Actually, this might help us get into the true spirit of the holiday this year. As they counted down to their encounter with the Baby Jesus, the familiar characters of the Christmas story, were all full of worries. Mary, like all expectant mothers, worried about her child’s safe delivery, as well as her own health. She also puzzled over the prophetic words of the angel, who indicated her baby would have a special place in God’s plan. Would this mean he would suffer, as most of God’s messengers in the past had suffered?
Joseph had lots to worry about. Here he was with a pregnant wife carrying a baby that wasn’t his. This brought whispers and even scorn from people around him. Now, as her delivery time was close, he had to travel with her to another town so that he could pay some of the heavy taxes the Romans had laid on his people. And, when he went to find shelter at the Bethlehem Bed and Breakfast, he was sent instead to a dirty stable, where he could only offer his wife a mat of straw. Yes, Joseph was a worrying man.

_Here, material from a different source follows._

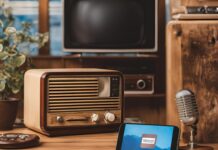 Rundfunk Rundfunk wird symbolisiert durch Radio, Fernsehen, Internet und ein Mikrofon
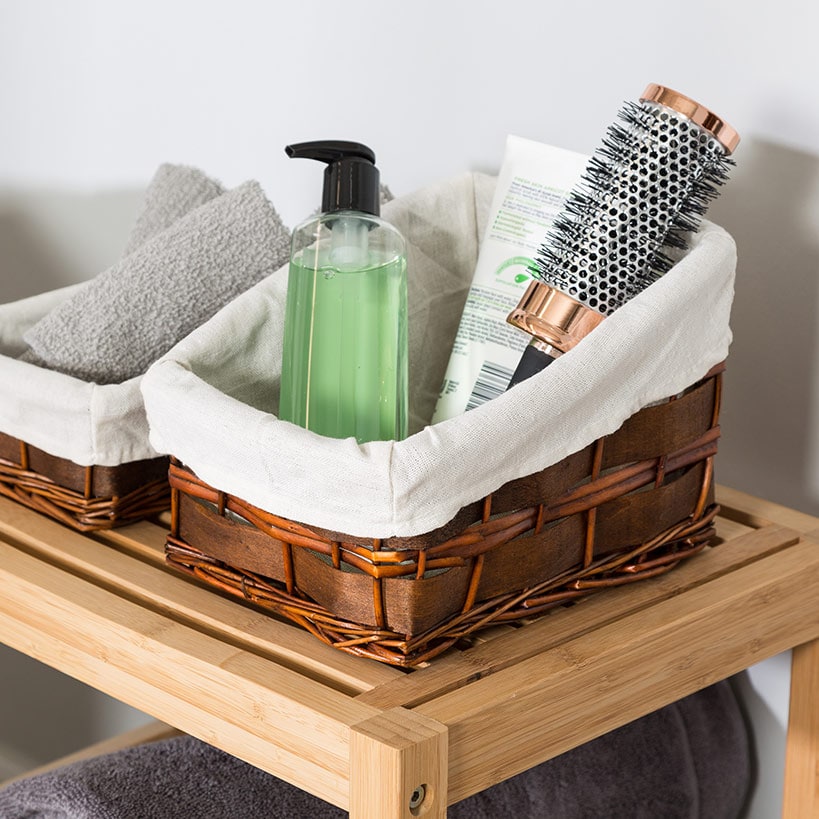 Wicker Hamper and Bath Combo Set 7-pc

King Herod was also worried. He was worried about his throne and his power. There were rumors that the newborn baby was some kind of a king, and the insecure Herod couldn’t tolerate such a threat. He was so worried that he did his best to kill the child.
Those Wise Men from the East were worried that something was not normal in the heavens. They had spent their lives studying the courses of the stars, and anything that wasn’t predictable made them nervous. They traveled hundreds of miles to find out what was up. Then, after their meeting with King Herod, they worried about what he might do. Had they triggered an international incident? Or genocide?
Yes, these people would have identified with our pre-Christmas worries. It was into a sea of worries that Jesus came. Into a frail body and inadequate shelter. Into a threatening world of powerful, but insecure rulers. Into the care of inexperienced parents who did not have the support of many in their extended families.
So, as we count down the “12 Worrying Days ‛Til Christmas”—“11…,” “10…,” “9…”—we’ll be in good company. The true Christmas has always been a worrying time. Pray that the Lord will use the unique financial pressure of these days to bring you into closer contact with the worriers of that first Christmas—and with the God who worried so much about us that he sent his Son into the world.